The impact of antenatal massage practice on intrapartum massage application and their associations with the use of analgesics during labour : Sub-analysis of a randomised control trial

BMC Pregnancy Childbirth. 2022 May 18;22(1):420. doi: 10.1186/s12884-022-04743-7.

Abstract

Background: Massage during labour is one form of intrapartum non-pharmacological pain relief but it is not known whether the frequency of practicing these massage techniques among couples during the antenatal period could enhance the effectiveness of intrapartum massage. This study was to evaluate the association between compliance of antenatal massage practice with intrapartum application and their impact on the use of analgesics during labour.

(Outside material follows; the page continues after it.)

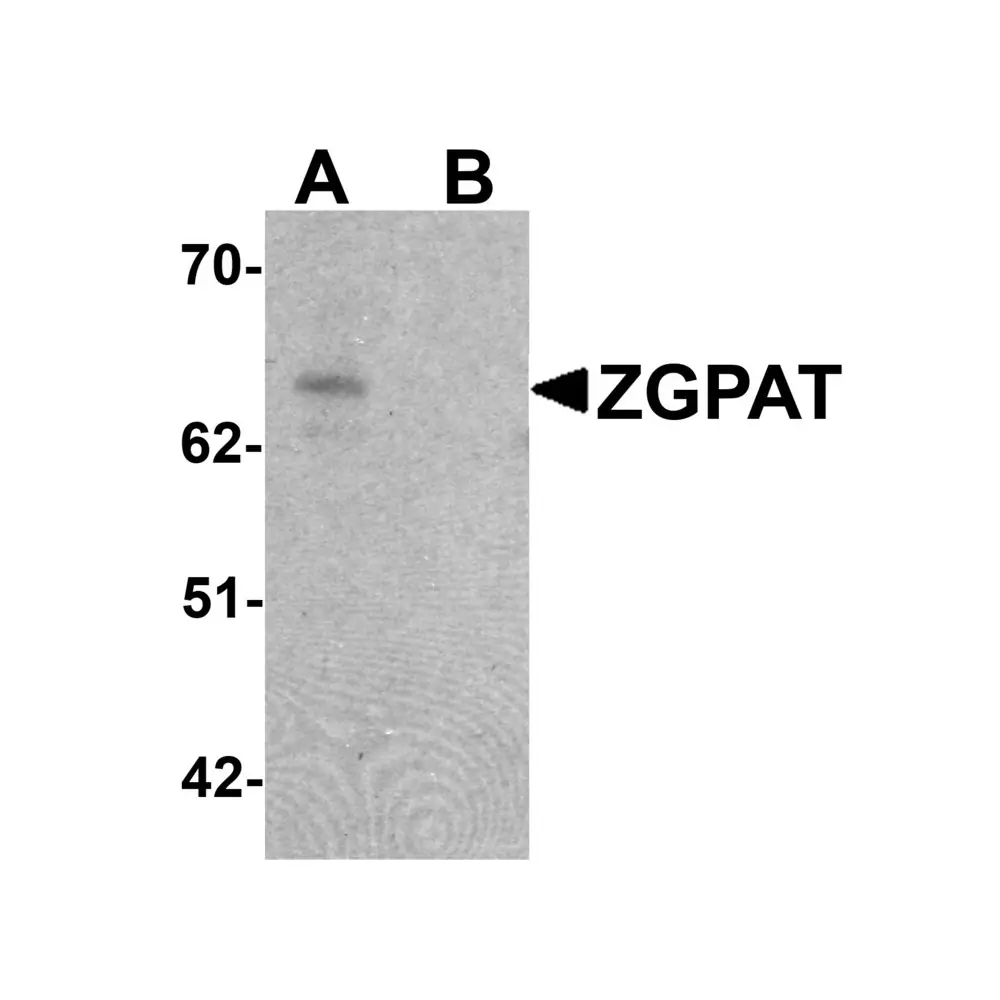 ProSci 6611 ZGPAT Antibody, ProSci, 0.1 mg/Unit Primary Image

Methods: This was a sub-analysis of a childbirth massage programme which was carried out in two public hospitals with total births of around 8000 per year. Data from women who were randomized to the massage group were further analysed. After attending the pre-birth training class on massage at 36 weeks gestation, couples would be encouraged to practice at home. Their compliance with massage at home was classified as good if they had practiced for at least 15 minutes for three or more days in a week, or as poor if the three-day threshold had not been reached. Application of intrapartum massage was quantified by the duration of practice divided by the total duration of the first stage of labour. Women's application of intrapartum massage were then divided into above and below median levels according to percentage of practice. Logistic regression was used to assess the use of epidural analgesia or pethidine, adjusted for duration of labour and gestational age when attending the massage class.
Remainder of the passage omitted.